Im Hirtenamt geht es nicht um die Ausübung einer hierarchischen Macht. Wer Hirte nach dem Bilde Jesu sein will, muss in seine Hingabe für die Menschen hineinwachsen. Auf andere Weise kann er das Vertrauen der Herde nicht gewinnen.
Muttertag
Heute ist Muttertag; Anlass, wenigstens an einem Tag im Jahr darüber nachzudenken, was wir unseren Müttern (und Vätern) verdanken und wie wir es ihnen danken können. Die Beziehung zu den eigenen Eltern ist für jeden Menschen einzigartig.

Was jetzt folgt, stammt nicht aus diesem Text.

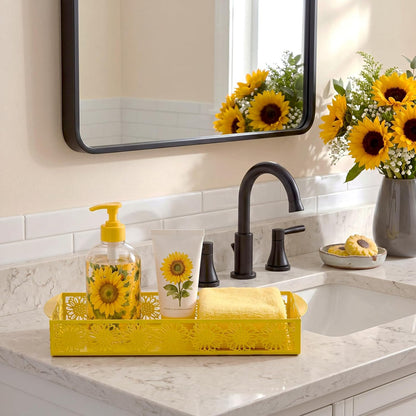 Yellow Sunflower Toilet Paper Basket Cute Metal Toilet Tank Paper Holder with Handle Bathroom Storage Organizer Coquettish Preppy Accessories Decor for Bathroom Restroom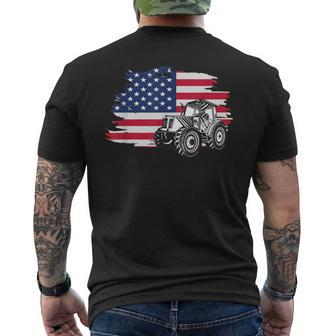 American Farmer Us Flag Farmer & Farming Men's T-shirt Back Print - Monsterry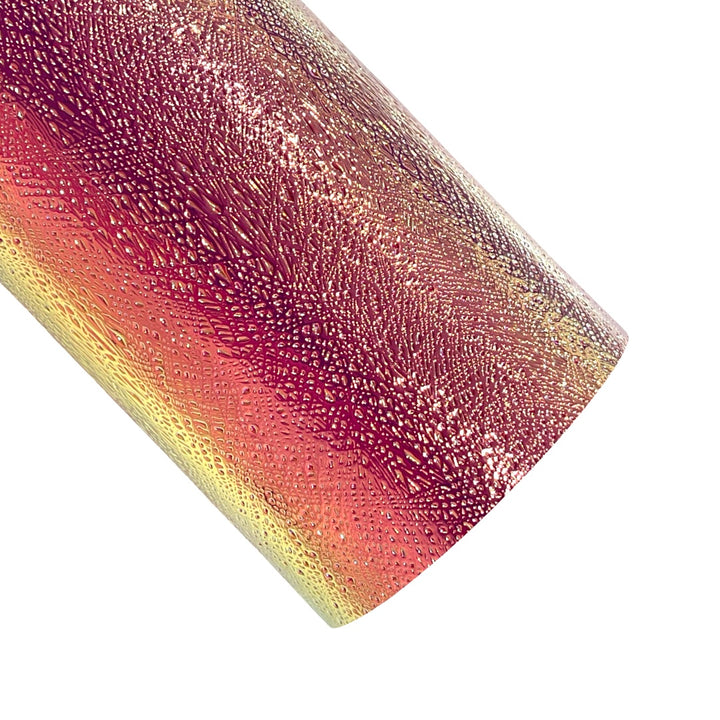 Holographic Peach Toffee Strands Faux Leatherette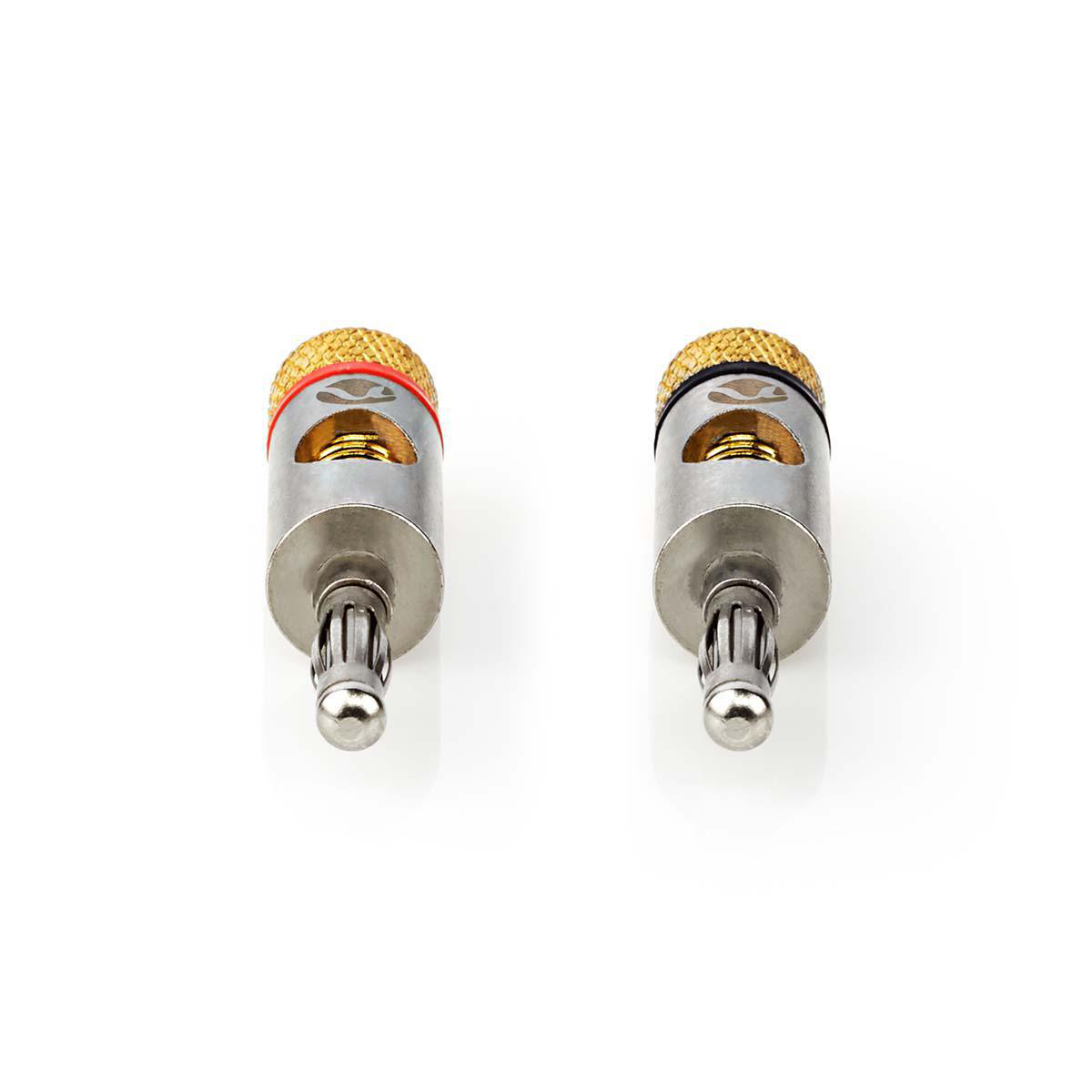 Two silver and gold banana plugs, viewed from above, against a white background.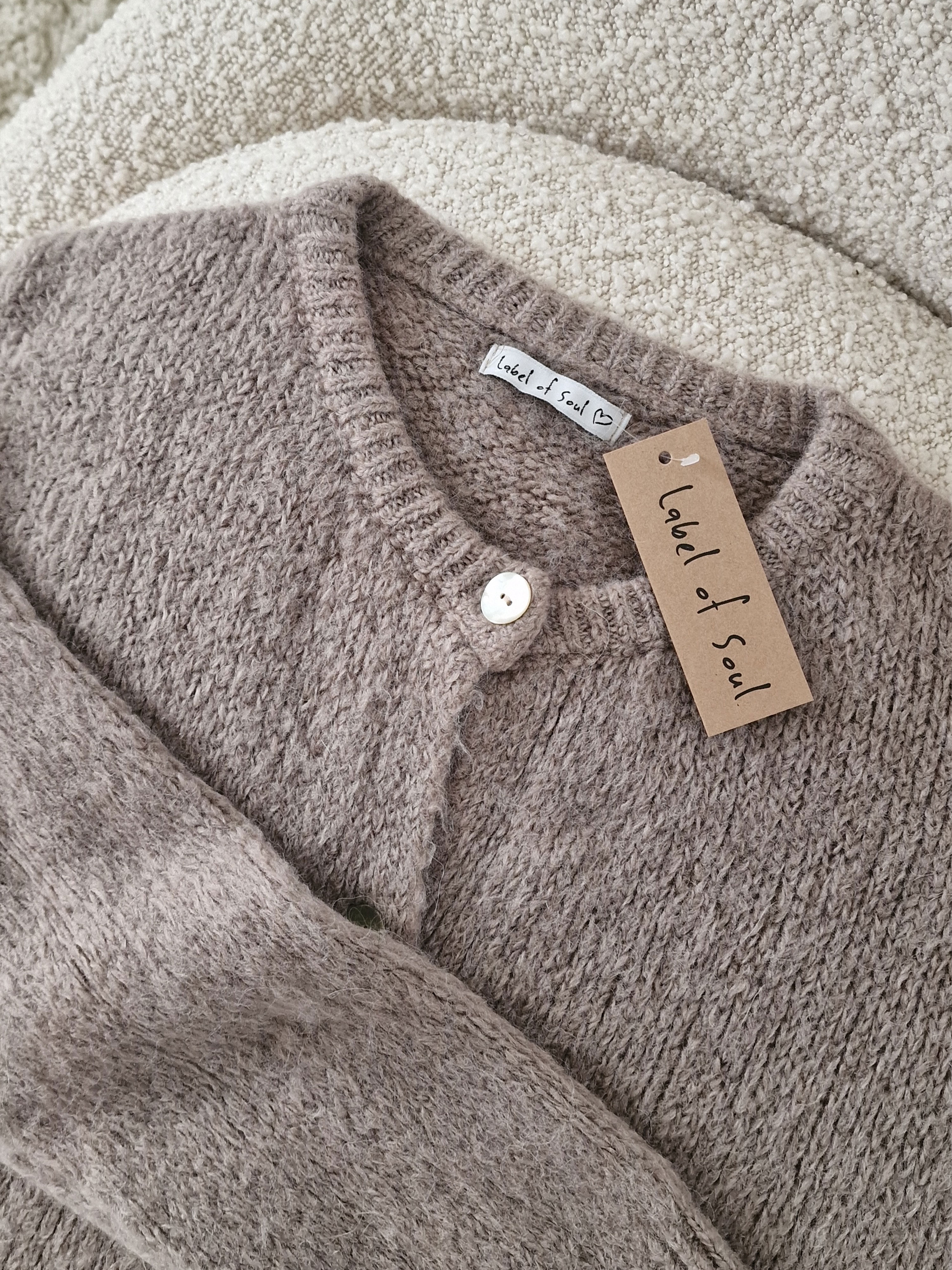 Strickjacke mit Baby-Alpakawollanteil - Taupe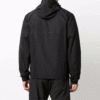 Chaqueta deportiva con capucha y cremallera, corte holgado, color negro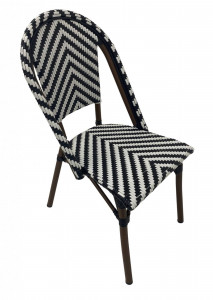 Chaise bistrot en rotin noir blanc - Devis sur Techni-Contact.com - 2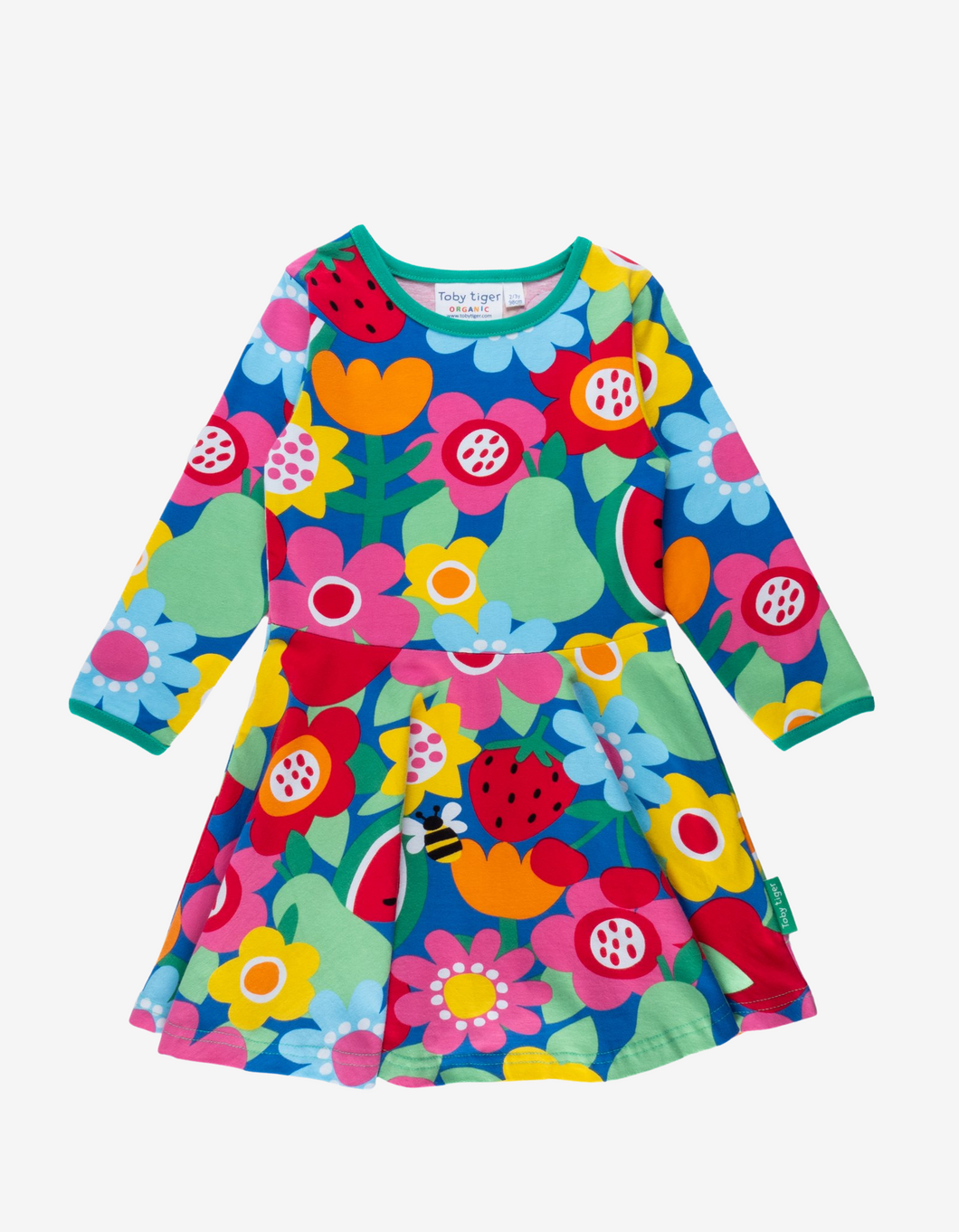Dress, long sleeves, organic cotton with fruit flower print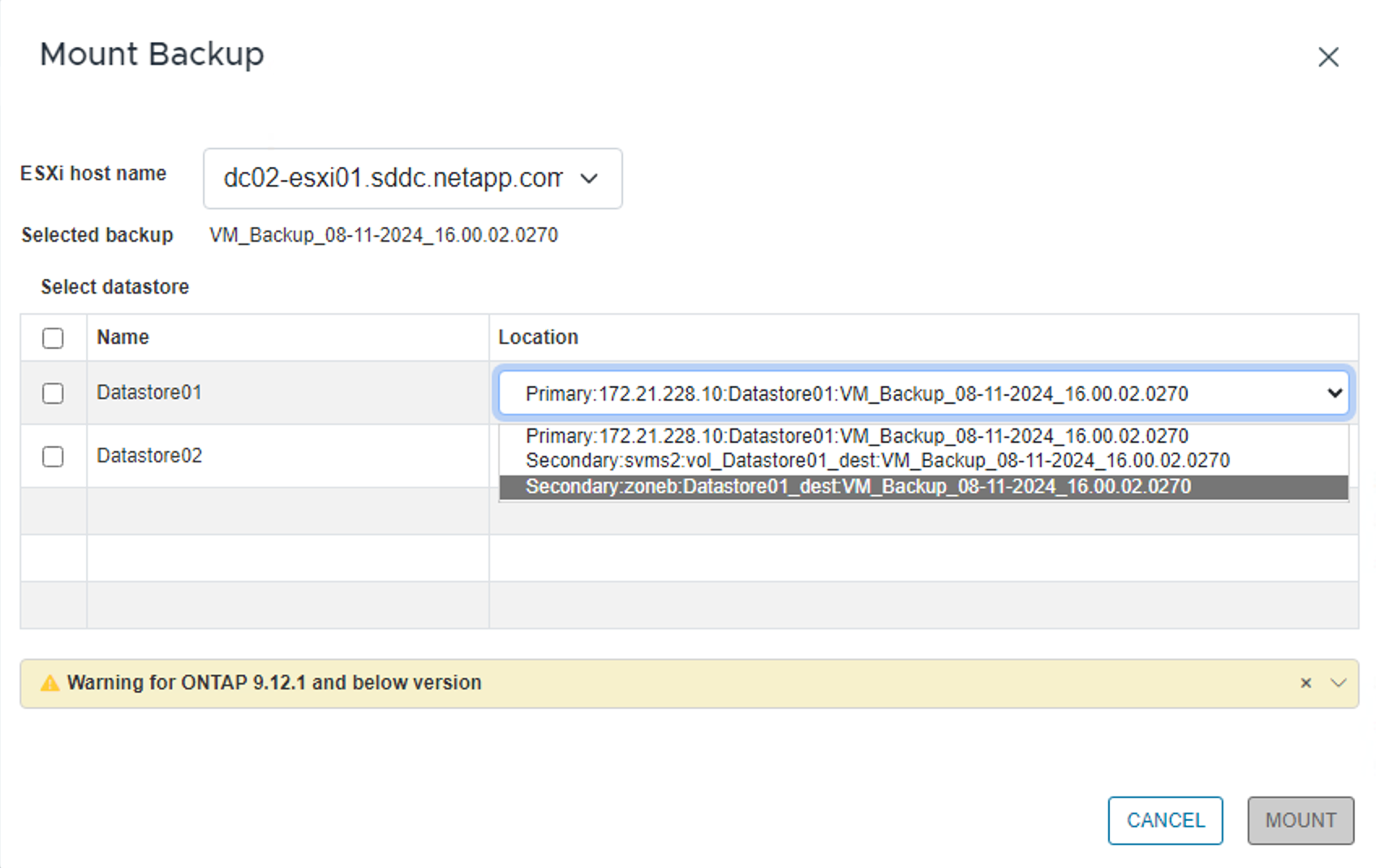 Datastore restore location options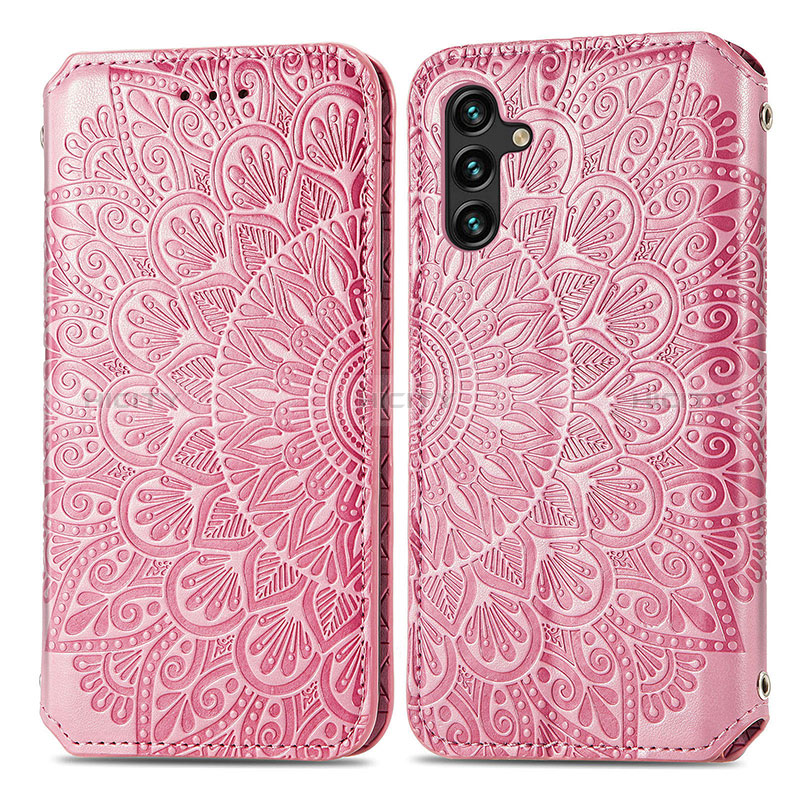 Coque Portefeuille Motif Fantaisie Livre Cuir Etui Clapet S01D pour Samsung Galaxy A04s Or Rose Plus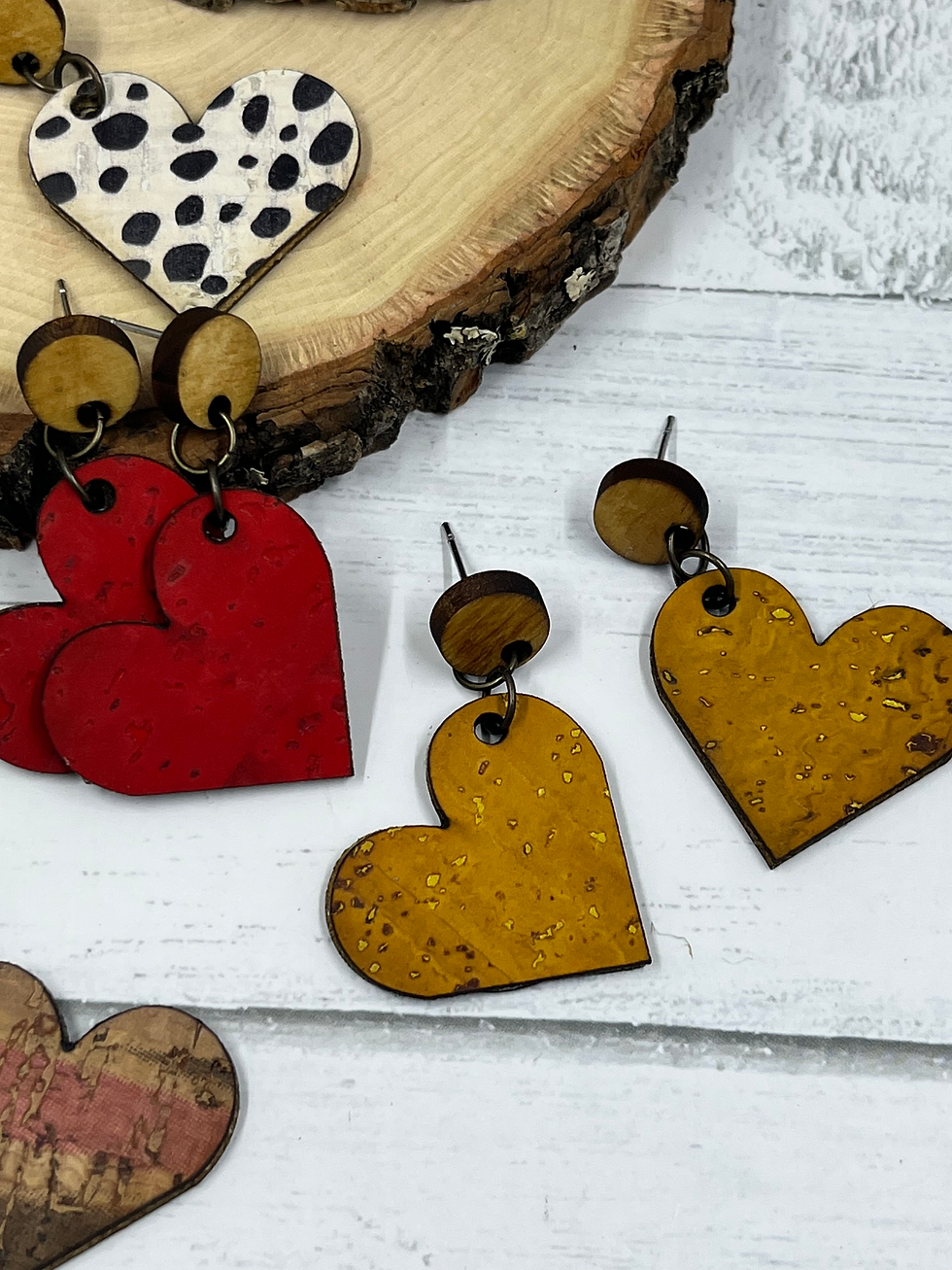 Thumbnail: Cork Heart Stud Dangle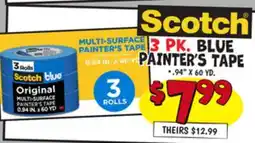 Ollie's 3 PK BLUE BLUE PAINTER'S TAPE offer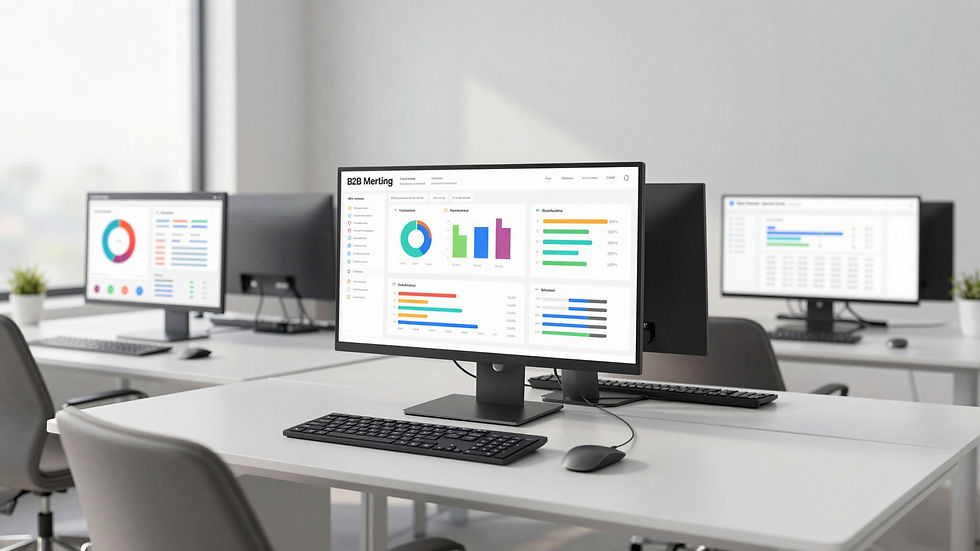 Office computers displaying data dashboards for business solutions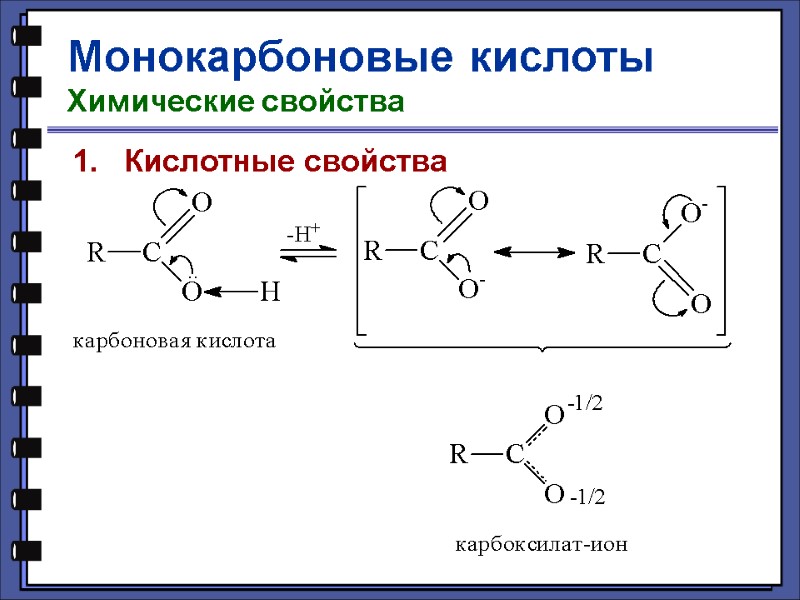Монокарбоновые кислоты Химические свойства      1.   Кислотные свойства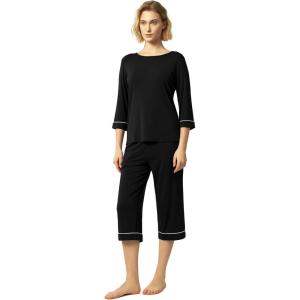 GYS Bamboo Viscose Women’s Pajama Sets 3/4 Sleeve Top and Capri Pants 2 Piece Sleep Set(Black)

Es geht nicht darum, die eigenen Eltern als die beste Mutter, den besten Vater der Welt erlebt zu haben – oder es ihnen nachzutragen, dass sie dazu nicht imstande waren. Wie viel auch immer sie einem Kind ins Leben mitgegeben haben, es ist ein untrennbarer Teil ihres Lebens. Und dafür gilt es dankbar zu sein.
Dass dies nicht so selbstverständlich ist, zeigt sich nicht zuletzt darin, dass manche Menschen nicht bereit sind, sich mit Nachwuchs zu belasten und diesem einen Teil ihres Lebens zu opfern. Elternschaft enthält den Anspruch des Hirt-seins, wie ihn Jesus fordert. Elternschaft bedeutet, für andere da zu sein und alles in der eigenen Macht Stehende zu tun, dass die jeweils Anvertrauten sich bestmöglich entfalten können.
In der Spur des Guten Hirten
Die Kirche hat in den letzten Jahrzehnten bei vielen Menschen Vertrauen verloren. Die Missbrauchserfahrungen sind dabei zwar ein gewisser Höhepunkt, sie sind jedoch nicht allein für den Vertrauensverlust verantwortlich. Der Entwicklung dahin hat viele Schattierungen. Zwischen einer Seelsorge, die den ganzen Menschen zur Entfaltung bringen will, und flächendeckender Versorgung mit pastoralen Diensten besteht ein feiner Unterschied, der sehr wohl von vielen wahrgenommen wird und dem hohen Ideal der Hirtenschaft nicht entspricht. Und oft haben Menschen den Eindruck, das Einhalten von Prinzipien sei wichtiger als die Entfaltung des Menschseins, das statistische Wachstum wichtiger als das Wachsen der Persönlichkeit. Es wäre unfair, wollten wir all diese Entwicklungen dem Klerus allein anhängen. Ich fürchte, wir haben uns alle gemeinsam oft mehr vom Zeitgeist als vom Evangelium leiten lassen.
Am Sonntag des Guten Hirten und am Sonntag der geistlichen Berufe tun wir aber auch gut daran, all jenen zu danken, die nach dem Vorbild des Guten Hirten ihre Lebenskraft für das Reich Gottes einsetzen. Dieser Dank gilt einerseits den "klassischen" geistlichen Berufungen, den Priestern, Diakonen, Ordensleuten, Religionslehrern, Gottesdienst- und Gemeindeleitern, aber auch allen Christen, die ihre Berufung auf eine andere Weise verwirklichen und auf andere Weise für das Volk Gottes und Reich Gottes da sind; nicht zuletzt den Müttern und Vätern, die ihre Elternschaft als Berufung wahrnehmen.
Danke allen, die in den Fußstapfen des Guten Hirten Jesus ihren Weg gehen.